中央大学大学院法務研究科教授・弁護士 加藤新太郎〔Kato Shintaro〕

 東京高裁民事部での6年間の勤務を最後に依願退官した。高裁といえば、物音1つしない静かな裁判官室で、鹿爪らしい年寄りの裁判官がから咳をしながら鼻水をすすって記録を読み継ぎ、たまに出る話題は持病のことばかりというイメージを持たれているが、実はそうではない。控訴事件はもちろんのことであるが、簡易裁判所が一審の上告事件(長官代行部)、抗告事件も保全、執行、倒産、家事(輪番)のすべてが係属するし、海難事件や独禁法関係事件、日弁連弁護士懲戒の裁決取消請求など東京高裁が一審で専属管轄となる事件もあり、民事裁判官の仕事としてはまさしく集大成ということができる。自分は、この6年間のために修練を積んできたのだと得心できるほど充実した毎日であった。

 経歴での特色は、司法研修所勤務が長かったことだ。40年勤務したうち前後合わせて14年。実に、3分の1であり、3日に1日は司法研修所に通っていたわけだ。二部の民事裁判教官、事務局長、それから間を置いて一部(裁判官研修)教官を務めた。やや誇張して言えば、司法修習生が一人前の法律実務家として活躍していくために獲得すべき能力の内実は何か、裁判官が持てる力量を最大限に発揮することができる条件はどのようなものか、といった問題を始終考えていた。それを研修企画に結びつけるのは試行錯誤の連続で、「思考」錯誤に陥る自らの無能を嘆くあまり枕を涙にぬらした夜もあった。
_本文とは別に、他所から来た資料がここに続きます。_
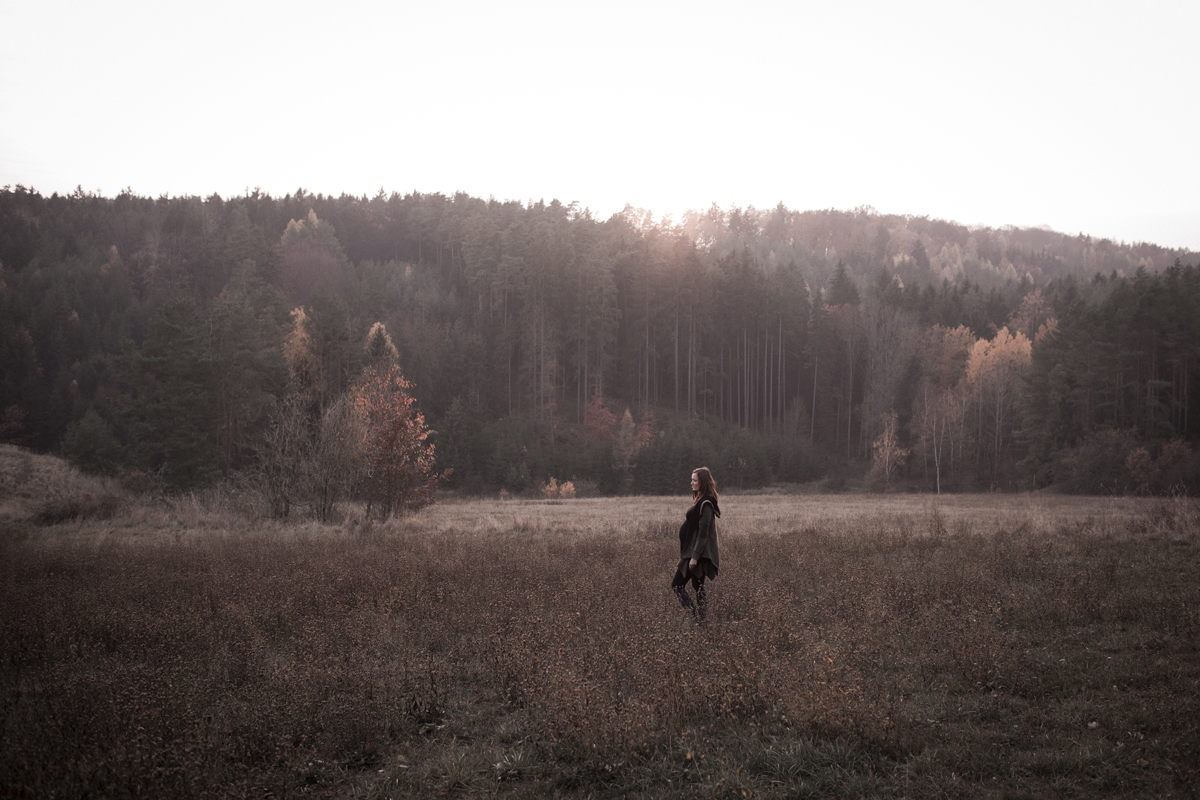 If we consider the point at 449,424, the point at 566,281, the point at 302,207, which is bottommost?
the point at 449,424

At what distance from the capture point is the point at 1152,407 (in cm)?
4603

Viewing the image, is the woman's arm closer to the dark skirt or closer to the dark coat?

 法律実務家として日常的に行う「調べる」、「考える」、「思いつく」、「説明する」、「解釈する」といった事柄を、臨機応変、融通無碍に上手くできること、つまり、リーガル・リテラシーを会得し実践することが、大切ではないかと思うに至った。今回から6回にわたり、その内実を、エピソードに仮託して語ることにしたいと思う。今回は、「事実を調べる」である。

 Y弁護士は、親子関係不存在確認請求訴訟を受任した。現在では、その立証にはDNA鑑定を考えることになろうが、昭和50年代の話である。訴訟代理人としては、被告の昭和16年の出生届けが虚偽のものであったという立証をしなければならない。どうしたらよいものか。

 まず、関係者から事情を聴く。すると、老婆が、新聞で「子供差し上げます」という広告を見て、新潟から朝早く立ち汽車で上京し、上野で産婆さんから子供を貰ってきたと言う。どのようにして、その裏づけをとるか。Y弁護士は、国会図書館で被告の戸籍記載の出生日の前後の新聞をマイクロフィルムで検索し、件の広告の掲載をチェックした。朝日、読売、東京日日(現毎日)のいずれにも見当たらない。通いつめて1週間後、最後に報知新聞で、遂に「子供差し上げます」の広告を発見した。次に、産婆の実在をどう証明するか。Y弁護士は、逓信博物館(大手町)で、昭和16年の電話帳に産婆の住所と名前が載っているのを見つけた。さらに、交通博物館(御茶ノ水)で、鉄道省(当時)の時刻表を調べ、新潟・上野間で朝6時に出ると1時半過ぎ頃に上野に着く汽車を確認することができた。老婆に告げると、その汽車には食堂があったという。しかし、時刻表にレストランマークは付いていない。係員に尋ねると、「二等車には客車の隅にビュッフェが付いていたので、それを食堂と考えたのではないか」との返事を得た。Y弁護士は、被告を貰い受けたと言う老婆の供述を、ことごとく裏付けることに奏功したのである。

 Y弁護士の「調べる」は、一見荒唐無稽にも思われる「子供差し上げます」という新聞広告を見て子供を貰ったという、関係者の話を信じることからスタートした。この事実を裁判官に認識させるには、裏付け証拠が必要である。Y弁護士は、賢明にも新聞広告を求めて国会図書館に、電話帳を確認するために逓信博物館に、時刻表を調べるため交通博物館に赴いた。既存のリソースの利用を思いつき、驚嘆すべき忍耐力をもって調べ上げ見事な成果を上げたのだ。

 Y弁護士こそは誰あろう、若き日の山浦善樹最高裁判事その人である(加藤新太郎編『民事事実認定と立証活動Ⅰ』145頁〔山浦発言〕)。